Could each record be written out again exactly as it stands?

_Given data:_
[Start of Attachment]
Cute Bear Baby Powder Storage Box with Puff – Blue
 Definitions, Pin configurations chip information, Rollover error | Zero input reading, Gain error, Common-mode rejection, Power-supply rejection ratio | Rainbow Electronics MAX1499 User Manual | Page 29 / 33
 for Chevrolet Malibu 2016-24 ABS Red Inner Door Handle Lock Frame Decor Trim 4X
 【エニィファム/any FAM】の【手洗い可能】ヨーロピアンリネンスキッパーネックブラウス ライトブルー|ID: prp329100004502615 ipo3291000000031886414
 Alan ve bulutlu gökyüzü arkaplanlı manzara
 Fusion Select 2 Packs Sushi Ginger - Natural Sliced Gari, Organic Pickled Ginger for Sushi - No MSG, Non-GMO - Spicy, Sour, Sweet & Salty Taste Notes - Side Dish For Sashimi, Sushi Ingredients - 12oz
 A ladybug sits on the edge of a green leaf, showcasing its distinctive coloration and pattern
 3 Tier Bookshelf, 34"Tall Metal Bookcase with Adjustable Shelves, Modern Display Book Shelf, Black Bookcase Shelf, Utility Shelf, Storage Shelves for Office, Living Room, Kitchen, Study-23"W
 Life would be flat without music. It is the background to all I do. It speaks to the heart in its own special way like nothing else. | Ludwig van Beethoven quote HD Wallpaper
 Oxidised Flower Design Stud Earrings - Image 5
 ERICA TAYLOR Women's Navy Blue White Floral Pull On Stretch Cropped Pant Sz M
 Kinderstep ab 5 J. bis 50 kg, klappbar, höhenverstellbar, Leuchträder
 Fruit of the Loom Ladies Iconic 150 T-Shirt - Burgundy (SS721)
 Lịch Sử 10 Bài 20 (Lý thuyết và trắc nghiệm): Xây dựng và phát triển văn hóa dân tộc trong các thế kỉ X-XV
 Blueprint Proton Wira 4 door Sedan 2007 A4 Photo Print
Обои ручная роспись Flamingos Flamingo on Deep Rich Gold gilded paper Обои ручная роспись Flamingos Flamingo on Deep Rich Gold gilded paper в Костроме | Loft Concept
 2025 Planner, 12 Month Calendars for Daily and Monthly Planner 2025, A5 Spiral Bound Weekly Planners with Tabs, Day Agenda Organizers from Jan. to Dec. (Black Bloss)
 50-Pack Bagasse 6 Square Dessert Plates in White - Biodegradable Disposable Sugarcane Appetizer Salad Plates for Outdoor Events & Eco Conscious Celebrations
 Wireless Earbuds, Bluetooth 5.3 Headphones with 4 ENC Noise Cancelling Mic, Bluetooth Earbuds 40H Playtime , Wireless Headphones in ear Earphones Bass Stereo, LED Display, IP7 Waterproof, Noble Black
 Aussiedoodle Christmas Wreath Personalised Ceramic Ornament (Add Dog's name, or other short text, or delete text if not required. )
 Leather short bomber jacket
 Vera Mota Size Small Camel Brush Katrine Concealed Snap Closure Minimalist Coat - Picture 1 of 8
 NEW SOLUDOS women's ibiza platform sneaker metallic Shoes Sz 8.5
[End of Attachment]
_The completed task:_
Cute Bear Baby Powder Storage Box with Puff – Blue
 Definitions, Pin configurations chip information, Rollover error | Zero input reading, Gain error, Common-mode rejection, Power-supply rejection ratio | Rainbow Electronics MAX1499 User Manual | Page 29 / 33
 for Chevrolet Malibu 2016-24 ABS Red Inner Door Handle Lock Frame Decor Trim 4X
 【エニィファム/any FAM】の【手洗い可能】ヨーロピアンリネンスキッパーネックブラウス ライトブルー|ID: prp329100004502615 ipo3291000000031886414
 Alan ve bulutlu gökyüzü arkaplanlı manzara
 Fusion Select 2 Packs Sushi Ginger - Natural Sliced Gari, Organic Pickled Ginger for Sushi - No MSG, Non-GMO - Spicy, Sour, Sweet & Salty Taste Notes - Side Dish For Sashimi, Sushi Ingredients - 12oz
 A ladybug sits on the edge of a green leaf, showcasing its distinctive coloration and pattern
 3 Tier Bookshelf, 34"Tall Metal Bookcase with Adjustable Shelves, Modern Display Book Shelf, Black Bookcase Shelf, Utility Shelf, Storage Shelves for Office, Living Room, Kitchen, Study-23"W
 Life would be flat without music. It is the background to all I do. It speaks to the heart in its own special way like nothing else. | Ludwig van Beethoven quote HD Wallpaper
 Oxidised Flower Design Stud Earrings - Image 5
 ERICA TAYLOR Women's Navy Blue White Floral Pull On Stretch Cropped Pant Sz M
 Kinderstep ab 5 J. bis 50 kg, klappbar, höhenverstellbar, Leuchträder
 Fruit of the Loom Ladies Iconic 150 T-Shirt - Burgundy (SS721)
 Lịch Sử 10 Bài 20 (Lý thuyết và trắc nghiệm): Xây dựng và phát triển văn hóa dân tộc trong các thế kỉ X-XV
 Blueprint Proton Wira 4 door Sedan 2007 A4 Photo Print
Обои ручная роспись Flamingos Flamingo on Deep Rich Gold gilded paper Обои ручная роспись Flamingos Flamingo on Deep Rich Gold gilded paper в Костроме | Loft Concept
 2025 Planner, 12 Month Calendars for Daily and Monthly Planner 2025, A5 Spiral Bound Weekly Planners with Tabs, Day Agenda Organizers from Jan. to Dec. (Black Bloss)
 50-Pack Bagasse 6 Square Dessert Plates in White - Biodegradable Disposable Sugarcane Appetizer Salad Plates for Outdoor Events & Eco Conscious Celebrations
 Wireless Earbuds, Bluetooth 5.3 Headphones with 4 ENC Noise Cancelling Mic, Bluetooth Earbuds 40H Playtime , Wireless Headphones in ear Earphones Bass Stereo, LED Display, IP7 Waterproof, Noble Black
 Aussiedoodle Christmas Wreath Personalised Ceramic Ornament (Add Dog's name, or other short text, or delete text if not required. )
 Leather short bomber jacket
 Vera Mota Size Small Camel Brush Katrine Concealed Snap Closure Minimalist Coat - Picture 1 of 8
 NEW SOLUDOS women's ibiza platform sneaker metallic Shoes Sz 8.5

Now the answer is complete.